Justice Department abandons Trump anti-weaponization fund after backlash
Blanche said the Justice Department is “not moving forward” with Trump’s $1.776 billion anti-weaponization fund after rare backlash from Senate Republicans and Democrats.

The Justice Department has abandoned the centerpiece of a Trump settlement that would have created a nearly $1.8 billion anti-weaponization fund, a striking retreat that exposed how quickly congressional pressure can scramble the administration’s legal agenda.
“We are not moving forward with the fund. Period,” Acting Attorney General Todd Blanche told House lawmakers during testimony before the House Appropriations Subcommittee on Commerce, Justice, Science, and Related Agencies. Blanche’s declaration marked a public walk-back of a fund the department had announced only two weeks earlier as part of a settlement involving Donald Trump, Donald Trump Jr., Eric Trump and the Trump Organization.
The fund had been billed as a $1.776 billion “Anti-Weaponization Fund,” a vehicle the administration said would allow claims from people who believed they had been harmed by government “weaponization” and “lawfare.” The settlement grew out of Trump’s $10 billion lawsuit against the Internal Revenue Service over the leak of his tax returns, a dispute that had already drawn intense scrutiny in Washington and Florida.
Blanche’s reversal followed unusually sharp resistance from both parties on Capitol Hill. Senate Republicans objected so strongly that they threatened to block unrelated Trump priorities, including legislation tied to funding immigration enforcement agencies. Senate Minority Leader Chuck Schumer said Democrats would move to permanently block the fund and stop similar efforts in the future. The controversy became so combustible that a rare GOP revolt threatened to turn a Trump-backed Justice Department initiative into a broader legislative problem for the White House.

A federal judge in the Southern District of Florida, Kathleen Williams, reopened the Trump-IRS case on May 30 to examine the settlement that created the fund, adding legal pressure to the political backlash.

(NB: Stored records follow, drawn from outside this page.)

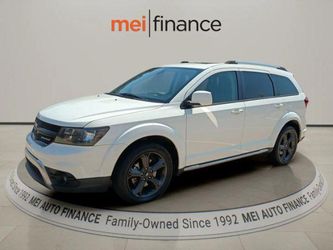 2020 Dodge Journey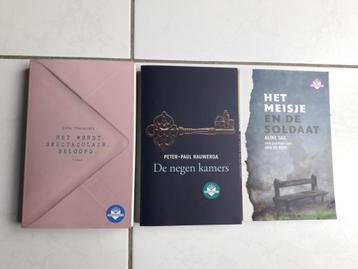 Jeugdboeken disponible aux enchères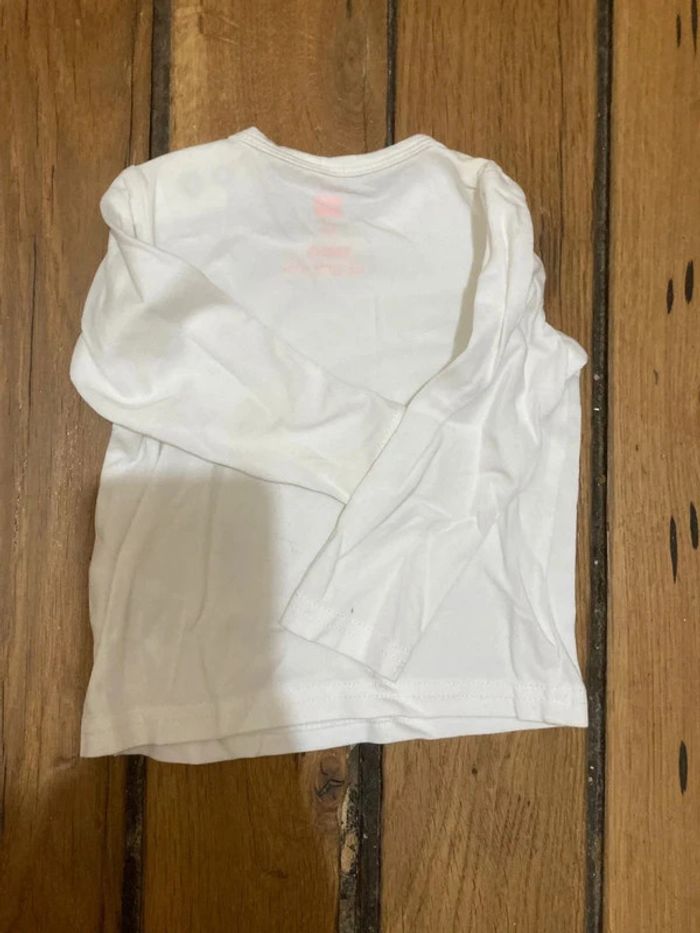 🧸 Haut bébé manches longues HEMA Taille 56 - photo numéro 3
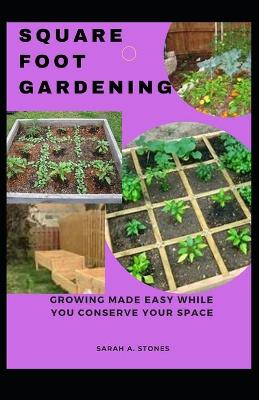 Book cover for Square Foot Gardening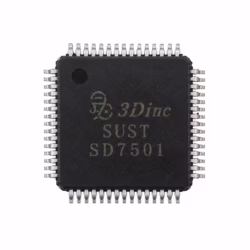 آی سی پروگرام شده ویکتور مدل Victor VC97 2021 IC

Blanche’s comments suggested the department was trying to preserve the rest of the agreement while shelving its most controversial piece. The fight over the fund underscored the degree to which the Justice Department’s public messaging, legal priorities and political risk calculations had collided in real time.
By Monday, the department had already taken a partial step back. Blanche’s testimony made the retreat explicit: the fund was no longer moving forward, even as the rest of the settlement remained in place.